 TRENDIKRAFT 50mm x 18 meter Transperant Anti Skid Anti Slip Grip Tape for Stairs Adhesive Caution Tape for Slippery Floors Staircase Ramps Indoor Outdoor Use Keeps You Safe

* * *

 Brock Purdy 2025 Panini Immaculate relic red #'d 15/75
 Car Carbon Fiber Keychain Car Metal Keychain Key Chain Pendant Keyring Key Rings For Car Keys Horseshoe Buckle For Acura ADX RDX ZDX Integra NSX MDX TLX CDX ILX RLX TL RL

> Activity
The reply should consist solely of the lines above from the one that has "Brock Purdy 2025" through the one that has "Car Carbon Fiber", reproduced exactly.

> Exercise result
 Brock Purdy 2025 Panini Immaculate relic red #'d 15/75
 Car Carbon Fiber Keychain Car Metal Keychain Key Chain Pendant Keyring Key Rings For Car Keys Horseshoe Buckle For Acura ADX RDX ZDX Integra NSX MDX TLX CDX ILX RLX TL RL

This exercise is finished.